Search code examples
pythonarrays

Efficient way of re-numbering elements in an array


I am reasonably new to python and am trying to implement a genetic algorithm, but need some assistance with the code for one of the operations.

I have formulated the problem this way:

  • each individual I is represented by a string of M integers
  • each element e in I takes a value from 0 to N
  • every number from 0 - N must appear in I at least once
  • the value of e is not important, so long as each uniquely valued element takes the same unique value (think of them as class labels)
  • e is less than or equal to N
  • N can be different for each I

after applying the crossover operation i can potentially generate children which violate one or more of these constraints, so i need to find a way to re-number the elements so that they retain their properties, but fit with the constraints.

for example:

parent_1 (N=5): [1 3 5 4 2 1|0 0 5 2]
parent_2 (N=3): [2 0 1 3 0 1|0 2 1 3]

*** crossover applied at "|" ***

child_1: [1 3 5 4 2 1 0 2 1 3]
child_2: [2 0 1 3 0 1 0 0 5 2]

child_1 obviously still satisfies all of the constraints, as N = 5 and all values 0-5 appear at least once in the array.

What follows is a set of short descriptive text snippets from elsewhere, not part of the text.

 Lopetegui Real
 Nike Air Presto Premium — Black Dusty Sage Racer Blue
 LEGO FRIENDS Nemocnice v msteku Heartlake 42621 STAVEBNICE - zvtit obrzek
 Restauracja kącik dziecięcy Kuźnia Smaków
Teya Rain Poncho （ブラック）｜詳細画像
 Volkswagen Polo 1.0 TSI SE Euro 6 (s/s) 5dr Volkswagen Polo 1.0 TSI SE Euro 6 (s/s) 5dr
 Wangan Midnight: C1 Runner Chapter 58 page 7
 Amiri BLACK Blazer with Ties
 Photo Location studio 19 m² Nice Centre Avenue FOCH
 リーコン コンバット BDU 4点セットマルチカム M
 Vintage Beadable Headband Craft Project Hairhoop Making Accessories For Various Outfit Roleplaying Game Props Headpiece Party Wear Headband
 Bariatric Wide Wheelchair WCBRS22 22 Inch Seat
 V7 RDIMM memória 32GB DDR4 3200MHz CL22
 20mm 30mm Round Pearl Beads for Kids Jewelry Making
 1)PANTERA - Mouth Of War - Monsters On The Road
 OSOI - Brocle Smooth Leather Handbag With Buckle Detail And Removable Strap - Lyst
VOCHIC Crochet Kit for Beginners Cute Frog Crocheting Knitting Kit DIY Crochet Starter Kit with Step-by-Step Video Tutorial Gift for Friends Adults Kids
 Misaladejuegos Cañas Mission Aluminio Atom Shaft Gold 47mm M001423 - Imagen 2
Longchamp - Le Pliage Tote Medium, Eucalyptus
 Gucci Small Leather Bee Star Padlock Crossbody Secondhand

The problem lies with child 2 - if we use the max(child_2) way of calculating N we get a value of 5, but if we count the number of unique values then N = 4, which is what the value for N should be. What I am asking (in a very long winded way, granted) is what is a good, pythonic way of doing this:

child_2: [2 0 1 3 0 1 0 0 5 2]
*** some python magic ***
child_2':  [2 0 1 3 0 1 0 0 4 2]
*or*
child_2'': [0 1 2 3 1 2 1 1 4 0]

child_2'' is there to illustrate that the values themselves dont matter, so long as each element of a unique value maps to the same value, the constraints are satisfied.

here is what i have tried so far:

value_map = []
for el in child:
    if el not in value_map:
        value_map.append(el)

for ii in range(0,len(child)):
    child[ii] = value_map.index(child[ii])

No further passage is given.